The “terrific” co-star Richard Gere called “the most brilliant actress you can find”
When you’re as big a star as Richard Gere, you can basically work with whoever you want.
As a reuslt of such privilege, Gere has enjoyed on-screen relationships, both personal and romantic, with some of Hollywood’s biggest names, such as Debra Winger in An Officer and a Gentleman, Jennifer Lopez in Shall We Dance?, Renée Zellweger and Catherine Zeta-Jones in Chicago, and about a hundred other famous people in Movie 43; OK, maybe that last one isn’t something to be proud of.
However, one collaboration that’s easy to overlook in this star-studded roster is with Jodie Foster, alongside whom Gere starred in the 1993 film Sommersby, playing a man returning home from the American Civil War to his wife, only he might actually be an imposter. Foster’s character must deduce if her ‘husband’ is who he says he is, while also combating emerging feelings for this potential interloper.
Alongside his acting duties, Gere also served as one of the film’s executive producers, which meant that he had influence over who was cast as his onscreen wife and, as we mentioned earlier, he basically had free will to exercise. However, as he explained to The Oklahoman, Foster was the one who made the most sense.
“First, you want the most brilliant actress you can find,” Gere said, “Luckily, she saw this and could see what could be done with the part, and that’s why I needed someone especially who was terrific. Jodie brought a sense of strength. We didn’t want a soft girl playing this part. It had to be someone with great strength and dignity.”
Foster’s character, Laurel Sommersby, would have been very young when her abusive husband first left to fight for the Confederacy, one of the reasons why Gere was drawn to Foster, who is almost 17 years his junior. He wanted the audience to believe that Laurel would have been barely an adult when she was ‘widowed’, forcing her to mature at a rapid pace.

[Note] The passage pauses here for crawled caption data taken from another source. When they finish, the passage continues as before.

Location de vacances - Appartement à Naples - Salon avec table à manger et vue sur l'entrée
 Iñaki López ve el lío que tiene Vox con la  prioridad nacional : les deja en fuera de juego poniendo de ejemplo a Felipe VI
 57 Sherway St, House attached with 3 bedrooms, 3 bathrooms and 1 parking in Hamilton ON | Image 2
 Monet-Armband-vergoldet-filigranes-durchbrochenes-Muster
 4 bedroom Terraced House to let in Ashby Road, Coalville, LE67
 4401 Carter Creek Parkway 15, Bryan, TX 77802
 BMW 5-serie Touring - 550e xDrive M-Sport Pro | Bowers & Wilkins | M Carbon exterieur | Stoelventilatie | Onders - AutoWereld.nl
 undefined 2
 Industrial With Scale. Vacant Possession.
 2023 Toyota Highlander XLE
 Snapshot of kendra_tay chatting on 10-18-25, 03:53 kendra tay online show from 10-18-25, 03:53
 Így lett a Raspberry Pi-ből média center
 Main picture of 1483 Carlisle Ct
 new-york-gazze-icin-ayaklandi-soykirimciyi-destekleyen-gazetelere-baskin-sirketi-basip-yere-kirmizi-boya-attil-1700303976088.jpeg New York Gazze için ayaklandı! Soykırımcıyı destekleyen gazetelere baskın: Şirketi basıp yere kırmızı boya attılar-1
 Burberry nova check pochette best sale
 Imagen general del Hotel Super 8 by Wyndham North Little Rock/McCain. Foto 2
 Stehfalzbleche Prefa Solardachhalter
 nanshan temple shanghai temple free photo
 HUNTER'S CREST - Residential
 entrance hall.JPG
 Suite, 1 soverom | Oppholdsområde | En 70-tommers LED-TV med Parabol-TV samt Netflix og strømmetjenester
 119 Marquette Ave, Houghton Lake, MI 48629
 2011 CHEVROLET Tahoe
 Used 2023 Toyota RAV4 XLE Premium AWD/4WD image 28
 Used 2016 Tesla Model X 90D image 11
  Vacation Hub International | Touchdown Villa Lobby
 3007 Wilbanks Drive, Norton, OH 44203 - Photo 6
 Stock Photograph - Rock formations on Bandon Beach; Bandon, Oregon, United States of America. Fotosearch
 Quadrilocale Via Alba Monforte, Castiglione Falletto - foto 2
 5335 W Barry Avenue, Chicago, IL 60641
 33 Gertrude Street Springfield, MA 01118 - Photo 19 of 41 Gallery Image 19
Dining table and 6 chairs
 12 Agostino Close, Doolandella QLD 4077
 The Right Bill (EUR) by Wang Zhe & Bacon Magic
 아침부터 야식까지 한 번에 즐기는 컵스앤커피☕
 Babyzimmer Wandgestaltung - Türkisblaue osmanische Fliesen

Foster, who would have been in her early 30s at the time, was exactly the age to play a character who had spent a long, hard six years learning how to live by herself in a time that wasn’t exactly friendly to women. It probably didn’t hurt that she’d also appeared in The Silence of the Lambs, one of the biggest films ever, just two years earlier.
The plot of Sommersby isn’t unique, wherein stories of people (usually men) returning from some sort of conflict to assume the life of somebody else have been a staple of fiction for decades; look at Don Draper’s trajectory in Mad Men. Moreover, fans of The Simpsons might recognise the same as the plot to the infamous season nine episode ‘The Principal and the Pauper’, in which it is revealed that Principal Skinner stole the identity of his sergeant in Vietnam, the original title of which, funnily enough, was ‘Skinnersby’, in reference to Gere and Foster’s movie.
Regardless, the film was a success both financially and critically upon its release, helping cement its female lead as a viable box office draw, and Gere still thinks of it fondly today.